A week later, the SS officers set up gallows for execution ceremonies. Several people are executed for perceived crimes they have committed. Eliezer and the rest are so surrounded by death that after some time this stops affecting them. However, one incident stands out where a young boy, who was much loved by the prisoners and had the face of a sad angel, is hanged. As he is not heavy, he hangs on the rope for half an hour, alive, and the prisoners are made to watch. That day, everybody weeps in the camp, and Eliezer notes that his soup tastes like corpses. As he writes, this is where God is, hanging from the gallows.
Chapter 4 Analysis
This section ends with the traumatic scene of a young boy’s murder, symbolically enacting the murder of God. Eliezer questions the existence of a just God. How can a child be killed in such a cruel fashion, if God really exists? “Where is He?” Eliezer asks rhetorically, and then answers, “He is hanging here on this gallows.” This incident pushes Eliezer to the lowest point of his faith. While the Nazis kill indiscriminately on a daily basis, the murder of this boy seems to cross a line in human cruelty which shatters all hope and faith in both divinity and humankind. This incident also marks the end of Eliezer’s innocence. He is a young boy too at the concentration camp, but the enormity of the atrocities he witnesses pushes him to acknowledge the violent beast that rests inside men, including himself. In a world where survival is the only goal, he admits how he lives to feed himself. He has no pity for his father when he is beaten up, terrified at that moment that he would be beaten too, and rather gets angry with him for not being able to save himself.
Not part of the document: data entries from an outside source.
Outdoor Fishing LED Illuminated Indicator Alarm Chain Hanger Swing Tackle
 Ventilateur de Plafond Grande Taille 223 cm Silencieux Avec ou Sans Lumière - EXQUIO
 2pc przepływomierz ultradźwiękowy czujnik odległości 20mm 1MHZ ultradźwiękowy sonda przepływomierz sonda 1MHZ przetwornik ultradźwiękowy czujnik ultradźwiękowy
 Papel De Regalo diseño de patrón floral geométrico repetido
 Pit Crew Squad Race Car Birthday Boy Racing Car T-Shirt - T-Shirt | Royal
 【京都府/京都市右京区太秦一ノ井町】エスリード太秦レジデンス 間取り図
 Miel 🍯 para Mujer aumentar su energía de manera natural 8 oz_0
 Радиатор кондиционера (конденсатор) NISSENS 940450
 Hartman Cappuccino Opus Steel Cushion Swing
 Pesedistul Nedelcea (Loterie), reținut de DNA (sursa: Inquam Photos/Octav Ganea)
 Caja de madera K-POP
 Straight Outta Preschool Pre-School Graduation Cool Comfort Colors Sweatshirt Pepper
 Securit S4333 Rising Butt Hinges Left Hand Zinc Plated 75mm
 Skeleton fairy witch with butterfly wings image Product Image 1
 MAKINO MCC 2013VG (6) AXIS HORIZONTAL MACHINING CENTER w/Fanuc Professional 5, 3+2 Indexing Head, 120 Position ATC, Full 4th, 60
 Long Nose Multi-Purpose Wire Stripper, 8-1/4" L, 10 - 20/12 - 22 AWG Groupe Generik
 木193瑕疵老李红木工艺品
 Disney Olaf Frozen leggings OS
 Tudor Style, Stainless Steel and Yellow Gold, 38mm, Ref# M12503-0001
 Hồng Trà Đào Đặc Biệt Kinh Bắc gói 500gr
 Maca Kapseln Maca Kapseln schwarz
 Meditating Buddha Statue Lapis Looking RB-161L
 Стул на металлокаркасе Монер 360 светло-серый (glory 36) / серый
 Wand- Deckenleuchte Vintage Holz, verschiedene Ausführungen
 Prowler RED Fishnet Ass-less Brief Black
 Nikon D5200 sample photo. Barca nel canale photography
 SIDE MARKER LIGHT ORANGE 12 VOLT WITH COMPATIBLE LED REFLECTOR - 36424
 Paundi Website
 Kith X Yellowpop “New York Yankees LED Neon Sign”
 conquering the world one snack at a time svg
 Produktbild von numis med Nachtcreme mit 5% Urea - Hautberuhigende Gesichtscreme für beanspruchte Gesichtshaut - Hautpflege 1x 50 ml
Eliezer’s relationship with his father is critical for both of them. At this stage, they have lost everybody in the family apart from each other. They hang on to each other desperately, but this relationship too becomes tenuous confronted with the cruelty of the camp. When Eliezer recounts the tale of a 13-year-old boy beating his father for making the bed improperly, it serves as a cautionary tale. He is afraid that the camp will rob him of his affection for his father and that he might turn against him to ensure his survival.
In this section, Eliezer also describes the economic system of the concentration camp. As the prisoners do not possess any money, they create a barter system amongst themselves. Extra rations of bread or soup become their currency. The SS officers and prisoners in authority positions sometimes participate in the barter system, but they also have the power to entirely circumvent it at their will. Eliezer’s gold tooth allows him some extra food. Then some boys who are sex slaves are allowed better food. As hunger is their constant companion, food is the highest currency at the camp. The spectacle of the dying man crawling to reach two cauldrons of soup is perhaps the most haunting image of the novel. It is enormously disturbing to realize how the Nazis successfully reduced the Jews into animals, solely concerned with food and survival, bereft of any human dignity.